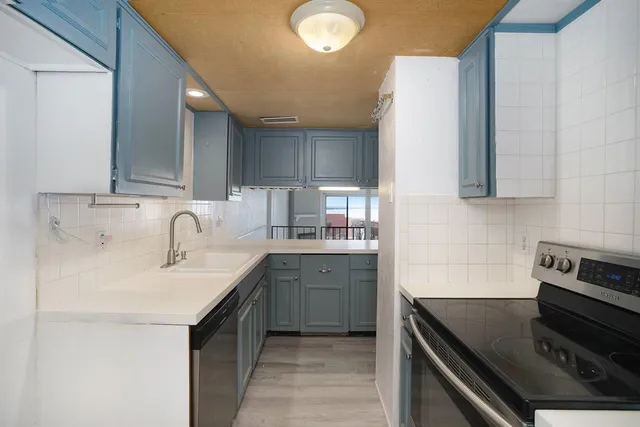 a kitchen with a sink stove and cabinets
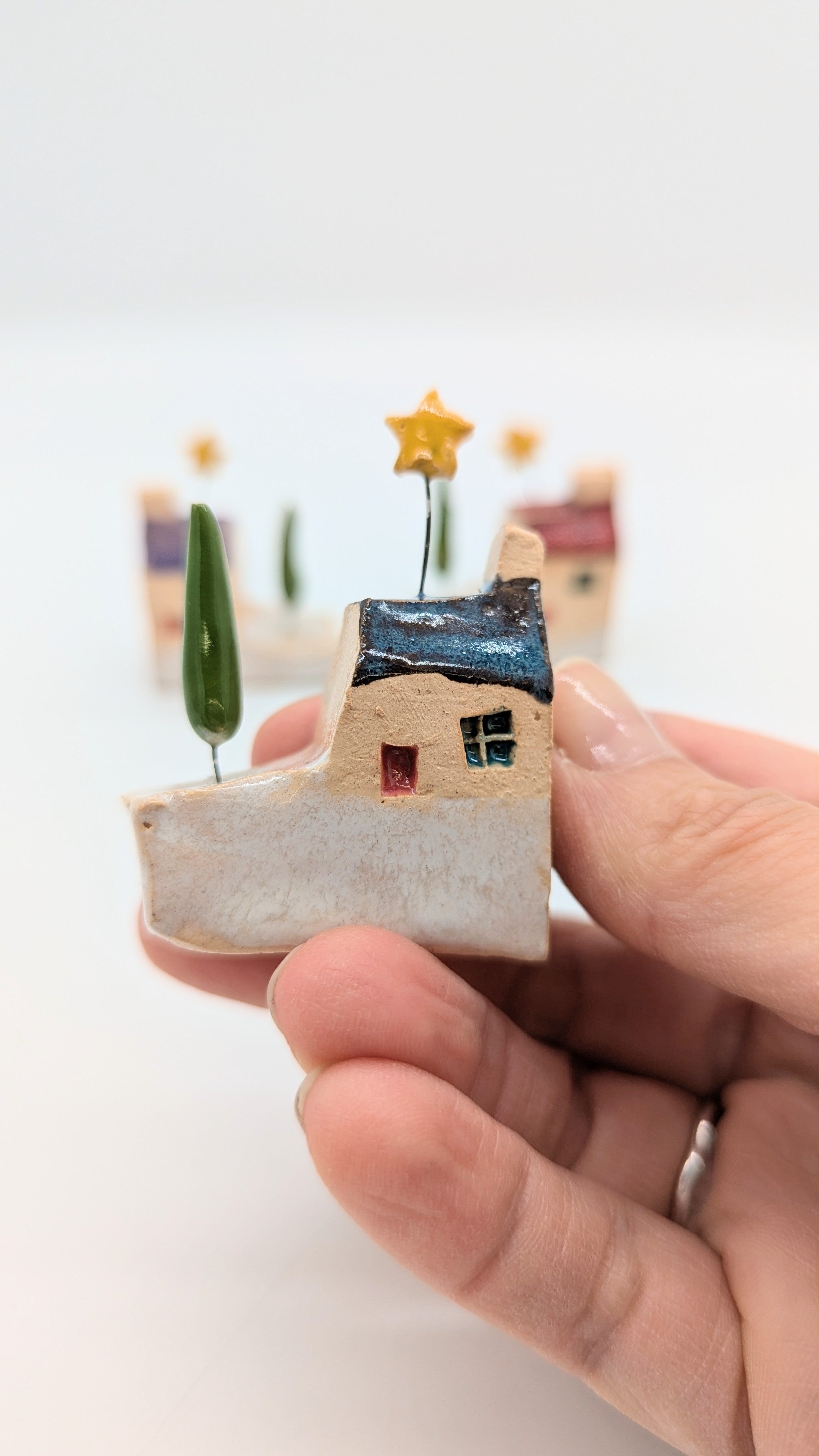 Hand holding a small decorative house with trees on a white background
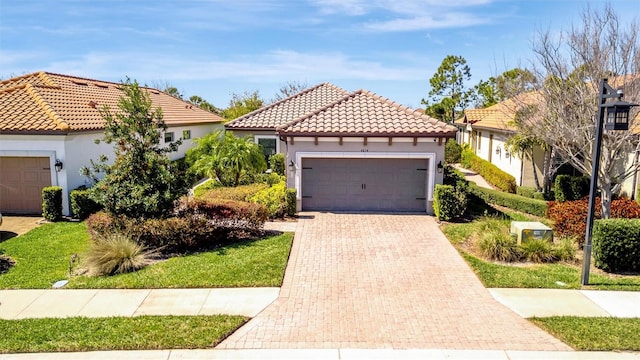 mediterranean / spanish house with decorative driveway, a tiled roof, an attached garage, and stucco siding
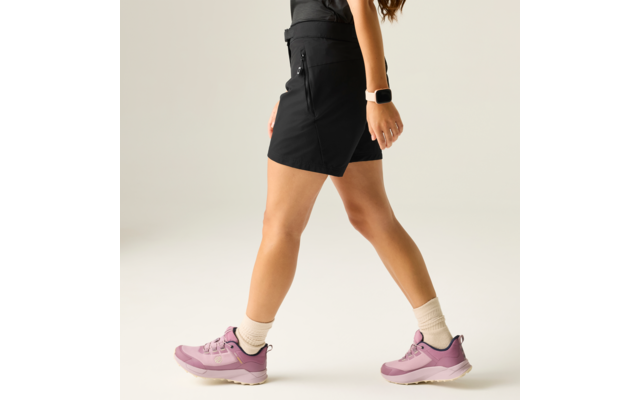 Parte inferior del cuerpo de una persona en posición de paso, falda corta negra, top negro, zapatillas rosas, calcetines cortos claros, reloj inteligente en la muñeca, fondo liso y claro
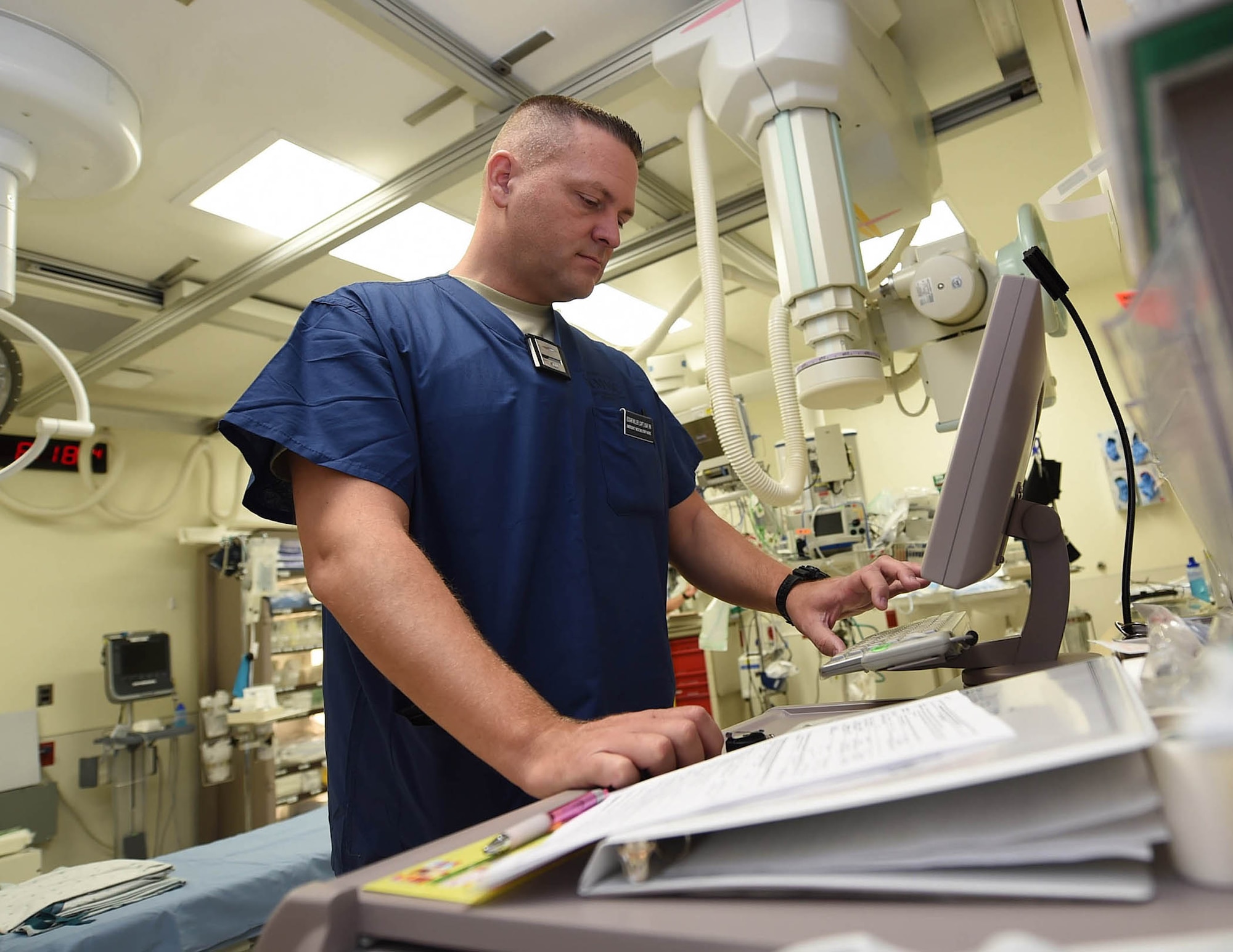 Capt. Edgar Miller, a nurse from the 959th Medical Group, logs into a Pyxis MedStation system in the emergency room at the San Antonio Military Medical Center, Joint Base San Antonio-Fort Sam Houston, Aug. 7, 2015. Airmen with the 959th MDG play a significant role in all facets of trauma care at SAMMC. (U.S. Air Force photo by Staff Sgt. Jerilyn Quintanilla)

───

Print the listing word for word but skip its pictures.

## RESULT OF THE EXERCISE:
 a kitchen with a sink stove and cabinets
 Hand holding a small decorative house with trees on a white background
 mediterranean / spanish house with decorative driveway, a tiled roof, an attached garage, and stucco siding
 Parte inferior del cuerpo de una persona en posición de paso, falda corta negra, top negro, zapatillas rosas, calcetines cortos claros, reloj inteligente en la muñeca, fondo liso y claro
 Capt. Edgar Miller, a nurse from the 959th Medical Group, logs into a Pyxis MedStation system in the emergency room at the San Antonio Military Medical Center, Joint Base San Antonio-Fort Sam Houston, Aug. 7, 2015. Airmen with the 959th MDG play a significant role in all facets of trauma care at SAMMC. (U.S. Air Force photo by Staff Sgt. Jerilyn Quintanilla)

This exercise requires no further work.